Colonial Pictures’ recreation of the CBS Newsroom circa November 22, 1963, the day Walter Cronkite broke the news to the nation that John F. Kennedy had been assassinated.

The CBS Newsroom is in a frenzy. Phones ring and jangle the metal desks, pencils scribble down notes for the upcoming News Bulletin, chalk flies across the blackboard recording reporters and place, cigarettes are lit, inhaled, and then the smoke is expelled, adding to the frenetic haze, and two clocks tick on the wall – one displaying Eastern Standard Time, the other Central Standard Time.

If it were 1963, in the center of it all would have sat the man, Walter Cronkite, who would break the news to the nation that John F. Kennedy was dead. But this is 2013 and not the CBS Newsroom. Instead, we are in a classroom at the General Society of Mechanics & Tradesmen on West 44th Street. The room has been transformed into a replica of the CBS Newsroom circa Cronkite’s fated words by Colonial Pictures. Headed by writer/producer/director Alastair Layzell, who considers himself lucky to have worked with Cronkite at the end of his career, the reconstruction serves as the set centerpiece for Colonial Pictures’ upcoming film, One PM Central Standard Time

While there have been many movies and documentaries retelling JFK’s assassination, Layzell hopes that this film will show a different angle that hasn’t been covered ad nauseum before. One PM focuses on the hour and eight minutes after Kennedy was shot in Dallas before the official announcement of his death. In the mayhem, reporters like Cronkite faced tremendous challenges: great confusion and mixed information. No one was quite sure whether the president was alive or how badly he was injured, and no one wanted to go on the record saying JFK had died without concrete information.

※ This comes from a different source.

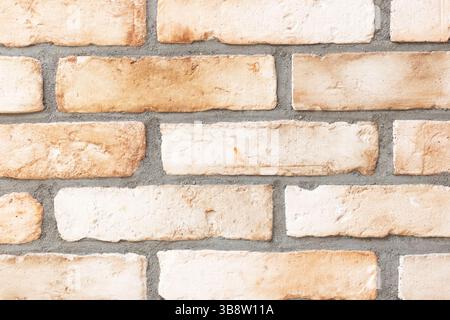 Rustic light brick wall. Textured masonry background. Beige and white tones. Classic construction element. Rough surface for design. Stock Photo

Cronkite, thanks to his journalistic gut and acknowledgement that it was (and is) very difficult to take back something reported inaccurately, waited until the deputy press secretary announced the tragic news before alerting the nation. This respect for the sentiments of the American people is one of the many reasons that “America had a love affair with Walter Cronkite,” as Don Hewitt, the late founder of 60 Minutes, said on CBS’s special Cronkite Remembered.

Because this love affair endures for many – especially in the worlds of journalism, politics, and film – Layzell was able to interview a tremendous cast of prominent characters to aid in the making of the film: Dan Rather, Bob Schieffer, Marvin Kalb, Marianne Means, and Bill Clinton to name a few. By casting all of the characters around Cronkite (eight actors in all), Layzell was able to keep Cronkite in the background or slightly blurred except at the end, when the film cuts to footage of the actual New Bulletin.

To see for yourself, tune in to PBS on Wednesday, November 13, at 10 pm.